The best way to measure permeability is through direct test on core samples. In this study, a few core samples were only used for destructive rock mechanical tests, and determining porosity (n) and hydraulic conductivity (k). Instead of using porosity–permeability relationships, we used global permeability transform to avoid the averaging nature of these cross plots. Given the lack of core samples, and that permeability cannot be derived from well logs, it was estimated using indirect methods. It is common practice to estimate permeability using porosity–permeability transforms developed from core data. However, porosity–permeability cross plots for carbonate reservoirs too often average out the robust permeability variations that are characteristic of carbonate reservoirs. According to Lucia (2007), the more accurate method is to use the global permeability transform using petrophysical class or rock fabric number (rfn) and interparticle porosity (the pores that are connected). Rock fabric number is related to interparticle porosity and geologic descriptions of particle size and sorting called rock fabrics. rfn ranges from 0.5 to 4 and is defined by class-average and class-boundary porosity–permeability transforms (Jennings and Lucia 2001). The value of the rock fabric number depends on porosity and water saturation, as higher water saturation for a given porosity gives higher rfn, and lower permeability for a given porosity yields higher rfn (Crain 2017). This is a new method, designed especially for estimating the permeability in carbonates with different shapes of pores. In this approach the permeability can be calculated as follows:

$$\log \left( K \right) = \left( {a - b\log \left( {{\text{rfn}}} \right)} \right) + \left( {c - d\log \left( {{\text{rfn}}} \right)} \right)\log \left( {\phi_{{{\text{ip}}}} } \right).$$
(8)

In this equation, K is permeability (mD), rfn is the rock fabric number, Φip is interparticle porosity, and a, b, c, and d are constant values (a = 9.7982, b = 12.0838, c = 8.6711, d = 8.2965). In this study, we used effective porosity log (PHIE) as Φip. Rock fabric number can be calculated from spectral gamma ray and porosity logs using the following equation:

$$\log \left( {{\text{rfn}}} \right) = \left[ {A + B\log \left( \phi \right) + \lg \left( {S_{{{\text{wi}}}} } \right)} \right]/\left[ {C + D\log \left( \phi \right)} \right],$$
(9)

where rfn is the rock-fabric number ranging from 0.5 to 4 (petrophysical class may also be used), Swi is the initial water saturation above the transition zone (The zone between water production and oil production), Φ is porosity, and A, B, C, and D are constants (A = 3.1107, B = 1.8834, C = 3.0634, and D = 1.4045). In this equation, total porosity log (PHIT) is used as Φ. Swi is the saturation of an undisturbed reservoir with no prior production from any earlier well (Crain 2017). This parameter was available from an exploration well in the field.

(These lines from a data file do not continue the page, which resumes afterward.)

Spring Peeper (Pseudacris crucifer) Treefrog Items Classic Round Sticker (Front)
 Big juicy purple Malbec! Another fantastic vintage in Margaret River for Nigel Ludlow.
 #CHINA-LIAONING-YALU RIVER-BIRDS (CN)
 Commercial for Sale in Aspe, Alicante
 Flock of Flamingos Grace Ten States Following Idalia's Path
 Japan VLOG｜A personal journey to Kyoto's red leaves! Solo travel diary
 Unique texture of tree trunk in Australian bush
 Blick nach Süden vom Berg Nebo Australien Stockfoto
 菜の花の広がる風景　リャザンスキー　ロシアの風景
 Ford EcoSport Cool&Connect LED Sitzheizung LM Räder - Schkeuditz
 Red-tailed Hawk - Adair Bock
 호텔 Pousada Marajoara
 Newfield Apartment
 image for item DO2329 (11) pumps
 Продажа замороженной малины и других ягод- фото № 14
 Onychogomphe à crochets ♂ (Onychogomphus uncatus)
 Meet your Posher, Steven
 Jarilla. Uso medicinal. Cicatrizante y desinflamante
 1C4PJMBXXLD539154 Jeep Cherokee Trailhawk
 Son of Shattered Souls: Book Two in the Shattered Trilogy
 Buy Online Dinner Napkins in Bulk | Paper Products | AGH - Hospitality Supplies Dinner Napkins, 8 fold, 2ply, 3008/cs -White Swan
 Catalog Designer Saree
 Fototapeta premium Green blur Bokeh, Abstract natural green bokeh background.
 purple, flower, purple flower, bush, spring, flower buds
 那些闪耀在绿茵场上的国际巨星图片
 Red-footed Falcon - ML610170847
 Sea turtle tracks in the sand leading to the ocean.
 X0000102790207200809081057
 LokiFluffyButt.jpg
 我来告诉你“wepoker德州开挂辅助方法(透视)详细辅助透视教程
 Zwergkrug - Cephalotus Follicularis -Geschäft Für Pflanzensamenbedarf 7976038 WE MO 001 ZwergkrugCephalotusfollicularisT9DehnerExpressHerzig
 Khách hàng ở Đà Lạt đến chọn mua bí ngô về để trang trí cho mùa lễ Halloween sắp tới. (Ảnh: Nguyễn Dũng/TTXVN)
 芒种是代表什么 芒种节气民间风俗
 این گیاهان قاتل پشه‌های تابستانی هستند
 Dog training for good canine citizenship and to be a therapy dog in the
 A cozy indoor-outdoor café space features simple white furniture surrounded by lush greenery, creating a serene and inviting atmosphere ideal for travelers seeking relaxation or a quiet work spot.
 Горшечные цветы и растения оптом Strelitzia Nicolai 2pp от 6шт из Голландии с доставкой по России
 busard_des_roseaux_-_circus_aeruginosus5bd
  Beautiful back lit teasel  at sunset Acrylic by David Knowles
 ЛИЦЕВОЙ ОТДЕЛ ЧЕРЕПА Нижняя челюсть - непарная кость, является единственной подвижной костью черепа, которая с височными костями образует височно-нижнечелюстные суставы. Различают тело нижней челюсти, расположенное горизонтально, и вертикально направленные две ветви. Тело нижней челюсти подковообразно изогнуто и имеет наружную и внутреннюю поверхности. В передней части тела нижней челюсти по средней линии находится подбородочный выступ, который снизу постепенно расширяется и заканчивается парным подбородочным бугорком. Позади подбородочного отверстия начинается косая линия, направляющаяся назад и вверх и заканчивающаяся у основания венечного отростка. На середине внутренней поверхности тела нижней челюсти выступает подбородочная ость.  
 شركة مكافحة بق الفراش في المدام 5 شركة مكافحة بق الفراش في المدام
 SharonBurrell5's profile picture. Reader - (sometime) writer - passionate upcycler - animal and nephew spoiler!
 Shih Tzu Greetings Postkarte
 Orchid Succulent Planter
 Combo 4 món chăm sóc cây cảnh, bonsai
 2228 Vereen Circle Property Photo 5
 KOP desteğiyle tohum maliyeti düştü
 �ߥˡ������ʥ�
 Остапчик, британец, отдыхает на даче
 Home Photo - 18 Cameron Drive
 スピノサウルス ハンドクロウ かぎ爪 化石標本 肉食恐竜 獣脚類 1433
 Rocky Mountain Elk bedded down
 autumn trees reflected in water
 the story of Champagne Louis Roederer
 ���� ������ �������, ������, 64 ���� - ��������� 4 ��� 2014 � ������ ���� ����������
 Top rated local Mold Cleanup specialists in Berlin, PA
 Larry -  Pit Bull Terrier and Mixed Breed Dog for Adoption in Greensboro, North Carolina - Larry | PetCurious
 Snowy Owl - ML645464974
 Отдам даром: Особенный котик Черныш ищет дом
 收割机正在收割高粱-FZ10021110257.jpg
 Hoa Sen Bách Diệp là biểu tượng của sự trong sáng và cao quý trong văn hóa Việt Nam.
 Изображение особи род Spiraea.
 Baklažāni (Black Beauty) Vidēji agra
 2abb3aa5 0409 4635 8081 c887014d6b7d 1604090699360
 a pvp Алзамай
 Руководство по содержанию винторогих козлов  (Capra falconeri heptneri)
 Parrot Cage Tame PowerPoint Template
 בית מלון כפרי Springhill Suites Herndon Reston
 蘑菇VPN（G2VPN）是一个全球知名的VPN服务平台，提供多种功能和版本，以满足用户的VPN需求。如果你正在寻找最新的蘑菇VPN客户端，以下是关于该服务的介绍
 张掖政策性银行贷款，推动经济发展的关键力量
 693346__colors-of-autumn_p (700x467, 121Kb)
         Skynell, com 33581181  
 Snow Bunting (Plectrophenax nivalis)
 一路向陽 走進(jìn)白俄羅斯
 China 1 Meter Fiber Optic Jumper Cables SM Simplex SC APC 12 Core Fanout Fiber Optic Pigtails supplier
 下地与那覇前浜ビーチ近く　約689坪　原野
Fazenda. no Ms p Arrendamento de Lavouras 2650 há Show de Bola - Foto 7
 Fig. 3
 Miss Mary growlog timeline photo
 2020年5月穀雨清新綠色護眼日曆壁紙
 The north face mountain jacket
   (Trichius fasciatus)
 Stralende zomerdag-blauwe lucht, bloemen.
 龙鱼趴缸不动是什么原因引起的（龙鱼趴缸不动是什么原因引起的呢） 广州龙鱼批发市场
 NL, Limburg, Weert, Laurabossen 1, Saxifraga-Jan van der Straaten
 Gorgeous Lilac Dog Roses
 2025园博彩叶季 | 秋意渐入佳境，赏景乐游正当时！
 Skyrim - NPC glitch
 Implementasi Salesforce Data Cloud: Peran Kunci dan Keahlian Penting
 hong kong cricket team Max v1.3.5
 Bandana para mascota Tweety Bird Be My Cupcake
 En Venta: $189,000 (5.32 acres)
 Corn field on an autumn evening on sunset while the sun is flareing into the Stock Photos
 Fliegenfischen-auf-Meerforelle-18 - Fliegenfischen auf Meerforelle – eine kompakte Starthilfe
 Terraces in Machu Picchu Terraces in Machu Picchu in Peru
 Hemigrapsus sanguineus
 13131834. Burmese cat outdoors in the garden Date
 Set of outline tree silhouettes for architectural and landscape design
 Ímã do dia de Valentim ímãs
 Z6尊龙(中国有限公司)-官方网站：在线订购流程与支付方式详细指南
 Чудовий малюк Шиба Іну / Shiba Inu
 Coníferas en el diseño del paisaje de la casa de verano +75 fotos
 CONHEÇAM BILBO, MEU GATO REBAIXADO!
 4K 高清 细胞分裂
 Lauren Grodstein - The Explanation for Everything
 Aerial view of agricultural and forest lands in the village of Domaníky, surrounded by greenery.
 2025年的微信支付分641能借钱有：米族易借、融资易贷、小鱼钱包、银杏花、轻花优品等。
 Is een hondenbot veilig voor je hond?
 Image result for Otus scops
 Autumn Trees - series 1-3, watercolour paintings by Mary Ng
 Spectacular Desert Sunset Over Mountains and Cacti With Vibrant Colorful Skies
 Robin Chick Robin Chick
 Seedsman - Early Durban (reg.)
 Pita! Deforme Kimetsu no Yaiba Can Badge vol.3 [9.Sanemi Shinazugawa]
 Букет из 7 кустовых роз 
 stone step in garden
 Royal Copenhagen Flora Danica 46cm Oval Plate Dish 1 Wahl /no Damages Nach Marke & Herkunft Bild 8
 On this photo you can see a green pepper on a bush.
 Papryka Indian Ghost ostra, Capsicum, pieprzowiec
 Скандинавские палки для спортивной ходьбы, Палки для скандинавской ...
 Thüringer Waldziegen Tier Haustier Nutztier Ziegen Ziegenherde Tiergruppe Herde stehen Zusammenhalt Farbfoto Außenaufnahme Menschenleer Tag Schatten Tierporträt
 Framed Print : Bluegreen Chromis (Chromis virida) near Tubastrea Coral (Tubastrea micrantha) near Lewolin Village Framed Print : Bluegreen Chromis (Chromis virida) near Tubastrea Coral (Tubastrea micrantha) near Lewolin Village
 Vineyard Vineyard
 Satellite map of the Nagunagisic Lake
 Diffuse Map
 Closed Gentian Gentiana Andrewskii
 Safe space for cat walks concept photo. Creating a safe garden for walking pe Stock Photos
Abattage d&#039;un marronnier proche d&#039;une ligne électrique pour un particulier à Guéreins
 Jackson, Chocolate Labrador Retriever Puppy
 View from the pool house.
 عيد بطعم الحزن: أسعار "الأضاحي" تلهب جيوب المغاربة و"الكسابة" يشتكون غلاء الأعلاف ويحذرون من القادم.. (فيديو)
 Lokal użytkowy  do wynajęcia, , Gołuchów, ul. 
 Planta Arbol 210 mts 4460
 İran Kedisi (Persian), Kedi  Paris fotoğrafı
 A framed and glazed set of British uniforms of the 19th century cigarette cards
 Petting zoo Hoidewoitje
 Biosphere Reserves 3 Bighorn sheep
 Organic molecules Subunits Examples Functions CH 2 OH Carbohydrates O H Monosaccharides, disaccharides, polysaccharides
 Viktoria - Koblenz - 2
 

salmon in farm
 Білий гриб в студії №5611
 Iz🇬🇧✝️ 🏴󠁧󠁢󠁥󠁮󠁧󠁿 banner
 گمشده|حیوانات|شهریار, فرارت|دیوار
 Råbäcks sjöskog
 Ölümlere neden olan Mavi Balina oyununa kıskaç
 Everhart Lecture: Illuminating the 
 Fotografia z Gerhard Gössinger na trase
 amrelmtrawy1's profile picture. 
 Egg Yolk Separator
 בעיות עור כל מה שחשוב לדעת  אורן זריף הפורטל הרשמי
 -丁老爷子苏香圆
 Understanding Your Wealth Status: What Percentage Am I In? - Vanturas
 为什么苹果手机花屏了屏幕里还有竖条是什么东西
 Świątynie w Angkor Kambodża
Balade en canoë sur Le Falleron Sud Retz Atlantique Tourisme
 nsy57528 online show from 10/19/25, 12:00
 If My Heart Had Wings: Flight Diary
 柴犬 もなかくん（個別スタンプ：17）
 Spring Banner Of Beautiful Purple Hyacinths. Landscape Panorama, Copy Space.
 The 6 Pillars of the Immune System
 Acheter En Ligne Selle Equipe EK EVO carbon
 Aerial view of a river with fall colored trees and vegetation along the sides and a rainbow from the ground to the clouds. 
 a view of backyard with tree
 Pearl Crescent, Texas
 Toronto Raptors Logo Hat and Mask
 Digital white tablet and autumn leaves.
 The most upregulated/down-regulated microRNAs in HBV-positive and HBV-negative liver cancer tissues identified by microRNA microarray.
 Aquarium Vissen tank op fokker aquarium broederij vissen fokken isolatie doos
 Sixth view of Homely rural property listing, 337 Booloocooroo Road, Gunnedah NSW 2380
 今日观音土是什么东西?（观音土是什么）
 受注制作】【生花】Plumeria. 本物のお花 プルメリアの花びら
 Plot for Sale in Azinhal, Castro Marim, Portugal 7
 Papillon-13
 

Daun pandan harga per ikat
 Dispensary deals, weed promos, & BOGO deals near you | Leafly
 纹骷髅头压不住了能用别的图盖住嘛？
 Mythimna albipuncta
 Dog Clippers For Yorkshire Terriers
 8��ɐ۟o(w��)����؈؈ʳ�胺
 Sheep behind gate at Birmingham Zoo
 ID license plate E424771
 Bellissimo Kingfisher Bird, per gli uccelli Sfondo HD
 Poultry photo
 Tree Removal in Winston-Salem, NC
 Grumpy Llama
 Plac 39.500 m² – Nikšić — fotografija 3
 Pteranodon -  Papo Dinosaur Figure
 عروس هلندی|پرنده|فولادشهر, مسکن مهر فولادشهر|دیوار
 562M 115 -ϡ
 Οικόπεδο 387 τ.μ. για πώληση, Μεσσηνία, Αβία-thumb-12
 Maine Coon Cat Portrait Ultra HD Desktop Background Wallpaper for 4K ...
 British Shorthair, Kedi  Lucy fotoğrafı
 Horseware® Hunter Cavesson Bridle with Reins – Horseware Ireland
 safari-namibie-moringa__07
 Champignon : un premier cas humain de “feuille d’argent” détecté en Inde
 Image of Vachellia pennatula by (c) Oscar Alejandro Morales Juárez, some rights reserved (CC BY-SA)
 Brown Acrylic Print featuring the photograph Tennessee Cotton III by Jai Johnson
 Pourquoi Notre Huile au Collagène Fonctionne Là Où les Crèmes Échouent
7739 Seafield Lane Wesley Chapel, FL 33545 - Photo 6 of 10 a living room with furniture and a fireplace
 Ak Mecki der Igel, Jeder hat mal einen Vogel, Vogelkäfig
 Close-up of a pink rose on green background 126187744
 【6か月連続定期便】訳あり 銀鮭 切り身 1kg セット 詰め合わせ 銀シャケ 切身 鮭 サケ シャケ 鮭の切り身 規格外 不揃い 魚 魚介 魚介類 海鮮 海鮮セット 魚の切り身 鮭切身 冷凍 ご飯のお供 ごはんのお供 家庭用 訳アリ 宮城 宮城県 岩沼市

The main advantage of this method is that the interparticle porosity (and not total porosity) is related to permeability (Lucia 2007).

3.4 Mechanical Properties

Evaluating the in-situ mechanical behavior of rocks requires appropriate input data such as stress state and pore pressure at the desired depth, elastic moduli, and mechanical parameters. The main data for this study come from core samples and the data recorded in the field (such as well logs, seismic data, and various well tests). In this research, we used the relationships derived by the NISOC for converting the dynamic Young’s modulus (Ed) and Poisson’s ratio (νd) to their static equivalents (Es and νs), and calculating uniaxial compressive strength (UCS) and tensile strength (σt), as follows:

$$E_{{\text{s}}} = 0.7 \times E_{{\text{d}}} ,$$
(10)
$$\nu_{{\text{s}}} = \nu_{{\text{d}}} ,$$
(11)
$${\text{UCS}} = 2.27E_{{\text{s}}} + 4.7,$$
(12)
$$\sigma_{{\text{t}}} = 0.08 \times {\text{UCS}}\quad {\text{Limestone,}}$$
(13)
$$\sigma_{{\text{t}}} = 0.11 \times {\text{UCS}}\quad {\text{Anhydrite,}}$$
$$\sigma_{{\text{t}}} = 0.1 \times {\text{UCS}}\quad {\text{Shale}}.$$

The above parameters were obtained by testing core samples drilled out from the reservoir and establishing statistical correlations between them. Cohesion (c) and friction angle (φ) are two mechanical properties that describe the intrinsic properties of rocks. These parameters may be determined by performing a triaxial test on the core specimens. Moreover, there are empirical and theoretical relationships that can be used when there is no access to the triaxial test. For predicting the friction angle and cohesion, Plumb’s (1994) and Jaeger et al. (2009) equations were used, respectively:

$$\varphi = 26.5 - 37.4\left( {1 - {\text{NPHI}} - V_{{{\text{sh}}}} } \right) + 62.1(1 - {\text{NPHI}} - V_{{{\text{sh}}}} )^{2} ,$$
(14)
$$c = \frac{{{\text{UCS}}}}{2\tan \theta },$$
(15)

where NPHI is neutron porosity, and Vsh is shale volume. Vsh and θ can be calculated using Asquith et al. (2004) and Jaeger et al. (2009) equations, respectively:

$${\text{V}}_{{{\text{sh}}}} = \frac{{\left( {{\text{GR}}_{\log } - {\text{GR}}_{\min } } \right)}}{{\left( {{\text{GR}}_{\max } - {\text{GR}}_{\min } } \right)}},$$
(16)
$$\theta = 45 + \frac{\varphi }{2},$$
(17)

where GR is gamma ray. Equation 14 is a porosity based equation that predicts φ to decrease with increasing porosity and GR. Since GR is a measure of the amount of shale volume contained in a formation, this equation indicates that a rock with higher shale content has a lower internal friction angle (Chang et al. 2006). The cohesion equation (Eq. 15) is derived from UCS relationship in direct shear tests. In this equation, cohesion is a function of UCS and θ, which the latter one depends on the friction angle.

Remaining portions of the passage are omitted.